Tuesday, August 23, 2011

So that's what happens....

Ramblings Post #155
There is only one thing constant: change. Rarely if ever are the we same person who awoke this morning as the person we take to bed that night. Life, sometimes in sudden swoops and sometimes incrementally, has a way of changing us, of making us other people. It's why sometimes people who haven't seen us in a while don't really know us anymore. We're changing. All the time. Scary, isn't it.



I been gone for a minute, but I feel the need to yell into the darkness.

I have pressed the shiny red button. It's ova.

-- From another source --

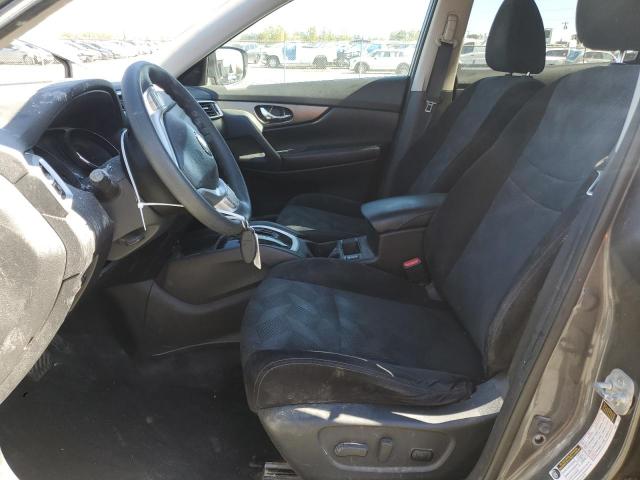Photo 7 from auction – 2015 NISSAN ROGUE S with VIN 5N1AT2MV2FC785573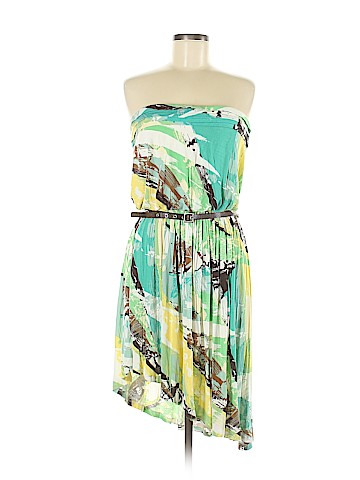 XOXO Casual Dress (view 1)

I am no longer a chicken plucker. It's been a long strange trip but now it's onto the next phase. That spring of 2003 the job was supposed to be a way station to the next big thing, but after a while I just got used to it. It became routine and I let myself get mired in the client's issues, which in many cases were amplified by third parties really only interested in themselves. I got used to Sporty being there, having the ability to hang out with friends, to occasionally splurge on something for myself. I wish I could say now that I'm leaving I have to dial it back, but its been dialed back for a while. A lot of what this position initially gave me, I haven't had for a while. So now, in the middle of an economic downturn, I walk out the door? Buying low they call it.

My stomach is unsettled.

For the first time in a almost a decade, I'm not sure how I'm going to get to the next. Before now, there was always a next check, knowing that if I went in and did what I had to do, that money WOULD come. When it reality they could have eased me out the door at any time, for any reason and in hot skippy minute I could be scrambling for something. It's eerie to think I had convinced myself that that place was "my spot" when I never really knew for sure. At least the way I'm leaving, it's on my own terms. Still, "pushing away from the table" is mental struggle.

My stomach is unsettled.

This whole period is bad for my diet, as for the past two weeks while things have been working themselves out - the money, the classes, the job, my life - I've been over indulging like its going out of style: fried chicken, copious amounts of red meat, too much bread, not enough fruit. I've been sugared up and salted down. But I'm too tired of thinking about what comes next to take the time to make something healthy. But I'm going to have to tighten that back up as soon as I can. The sugar and salt are now just fleeting joy in the sun.

My stomach is unsettled.

There was time a long time ago when I lived off temp jobs and hook-ups, and what I'm about to do was the norm. But that was a long time ago, and like a pro athlete trying to regain his step, this is going to take a minute. I want to say that there is no fear...but I'd be lying. They say god watches out for drunks and babies...and I stopped drinking like that years ago. Let's hope I can get a toddler exemption.

My stomach is unsettled.

Someone once described my approach to life as metaphorically comparing me to a glacier. Slow, steady, but always moving forward, almost inevitable. I've thought of it more in term of a freight train. Slow to start, but once its rolling it is incredibly hard to stop. This experience right here, is more like an ejector seat. I was just doing this one thing...then bam! I'm 500 hundred feet up and rising.

My stomach is unsettled.

I'm in it for the full time this last year of law school. Now, I did jimmy it - five classes, three final exams, one paper so it's not completely ridiculous. And since the paper is due before the end of the semester, once I'm done with it I can focus on the exams - and only one of the three already has me nervous. It's more but it's not more, ya' know? But now the shenanigans leading up to taking the bar are about to start. It's gonna be a matter of my focus and my discipline. In the end you just want to get to the next part, but what happens when you actually get there?

I didn't think I would but I'm going to miss that spot. It was the outlet on the other side of law school. All I have now is me...and school.

Barkeep, something cheap. I got to make this little piece of change last...

1 comment:

Anonymous said...

Read your blog for a minute now. Wish you luck and God Bless.